Key Ways GMO Crops Help Fight Pests and Benefit the Environment
Farmers are an essential component of our modern food chain. Environmental sustainability and food insecurity are critical to all methods of agricultural production–conventional, organic and genetically modified. Farmers use pesticides to stop unwanted predatory insects and invasive weeds from destroying their crops. Just as gardeners deal with caterpillars that can wreak havoc on their fruits and vegetables, farmers manage for a variety of pests that interfere with crop production, reducing yield and increasing costs to the farmer and consumer.
Each GMO crop that exists was developed to address specific challenges farmers face in feeding and fueling a growing world, including better ways to fight pest that may otherwise destroy needed crops, creating compounding issues. Here are three important ways GMOs help to fight pests and reduce the use of pesticides on farmlands and fields.
GMOs Help Reduce Pesticide and Herbicide Applications
GMO crops have contributed to reducing the overall environmental impact of pesticides by 17.3%.1 This is achieved by creating crops that work with current pesticides and herbicides, which reduces the number of times farmers and agricultural operations have to use treatments to manage invasive weeds, bacteria, and insects. Herbicide-tolerant (HT) crops allow farmers to treat fields with pesticides, such as environmentally benign glyphosate, instead of tilling the land and destroying the soil, which leads to less herbicide treatments. Glyphosate is also a broad spectrum herbicide, allowing it to be used instead using different herbicides multiple times throughout the season.
Insect-resistant (IR) crops produce a unique protein, Bacillus thuringiensis (Bt), commonly found in nature (and approved for use in all agriculture, even organic), that kills specific pests. Bt does this by interacting with specific cell receptor found in the guts of pests when they ingest the GMO crop. This receptor doesn’t exist in the guts of humans, animals, nor most insects.
For example, a pest like the European Corn Borer may attack a corn field. When it does, these proteins only affect specific receptors in the gut of certain target pests like the borer, and are harmless to humans, mammals and most non-target insects. As a result, there are fewer insecticides needed to ward off target pests!

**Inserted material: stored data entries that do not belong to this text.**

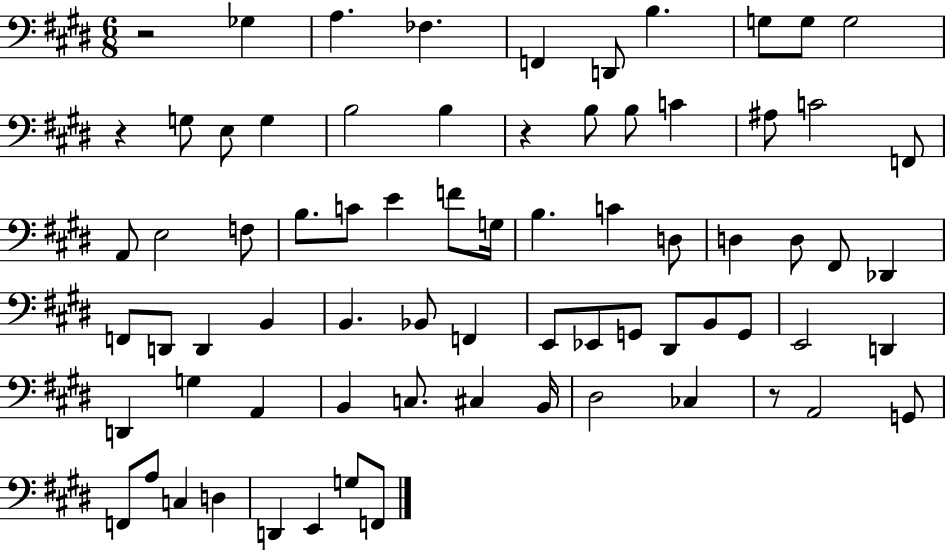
X:1
T:Untitled
M:6/8
L:1/4
K:E
z2 _G, A, _F, F,, D,,/2 B, G,/2 G,/2 G,2 z G,/2 E,/2 G, B,2 B, z B,/2 B,/2 C ^A,/2 C2 F,,/2 A,,/2 E,2 F,/2 B,/2 C/2 E F/2 G,/4 B, C D,/2 D, D,/2 ^F,,/2 _D,, F,,/2 D,,/2 D,, B,, B,, _B,,/2 F,, E,,/2 _E,,/2 G,,/2 ^D,,/2 B,,/2 G,,/2 E,,2 D,, D,, G, A,, B,, C,/2 ^C, B,,/4 ^D,2 _C, z/2 A,,2 G,,/2 F,,/2 A,/2 C, D, D,, E,, G,/2 F,,/2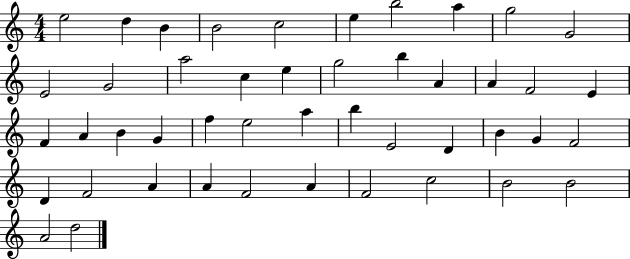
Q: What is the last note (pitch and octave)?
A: D5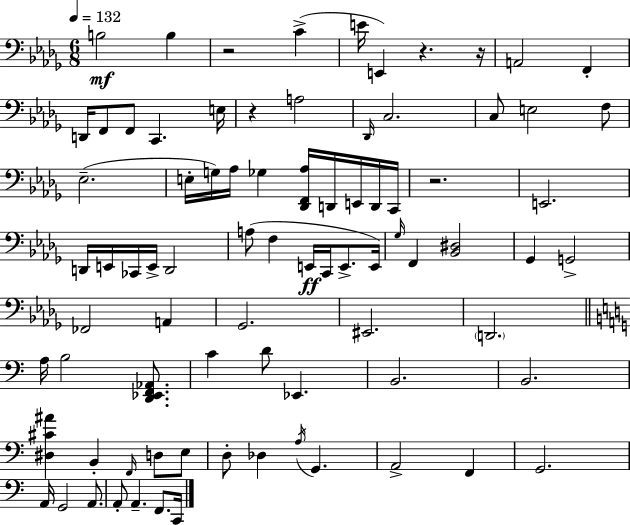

That’s why 82% of corn and 88% of cotton grown in the U.S. is genetically modified for insect resistance.2 You may have heard that GMOs have led to farmers using more pesticides. The fact is, GMOs have led to a reduction in overall pesticide use. Here’s how.
Indiana farmer Brian Scott explains that by using Bt crops:
“We won't have to come in during the growing season to make a blanket pesticide treatment across the entire field. This means a sprayer is kept out of the field -- meaning it didn't need fuel to power the sprayer or water to carry the chemical. Fewer passes across a field also mean less soil compaction in the wheel tracks. And don't forget I didn't buy any chemical or pay an application fee to a custom sprayer. Because Bt targets specific pests, we are not spraying insecticide on the beneficial insects in our fields.”
GMO crops increase crop harvests and decrease agricultural land use
GMO seeds are one of the many tools that farmers use to grow the crops needed to feed both local communities and people the world over, while leaving land for populations to actually use and live on. With GMO crops being used to directly combat critical environmental challenges like pests, weather, and disease along with societal concerns such as food waste, farmers are able to achieve better harvests using less land. In 2020 alone, growing the same amount of crops globally without the use of GMO seeds would have required 23.4 million more hectares/57.8 million more acres of land.3 For context, that’s larger than the state of Idaho!
GMO crops foster sustainable farming practices
Conservation tillage (no-till, minimal-till or reduced-till farming) is not unique to GMO agriculture. It is an important component of an integrated pest management (IPM) program that is used by many farmers to help increase soil health and cut down on carbon dioxide (CO2) emissions. Instead of tilling an entire field after harvest, farmers can leave what's left of the crops (like corn stalks) in the field, and then plant seeds directly into that residue during the next planting season (like soybeans).
Humans have been modifying crops for more than ten thousand years using conventional methods (such as crossbreeding) which involve large-scale and imprecise changes. With biotech solutions like genetic modification, researchers can make small, precise and extremely well-known changes to crops for the benefit of humans and the environment.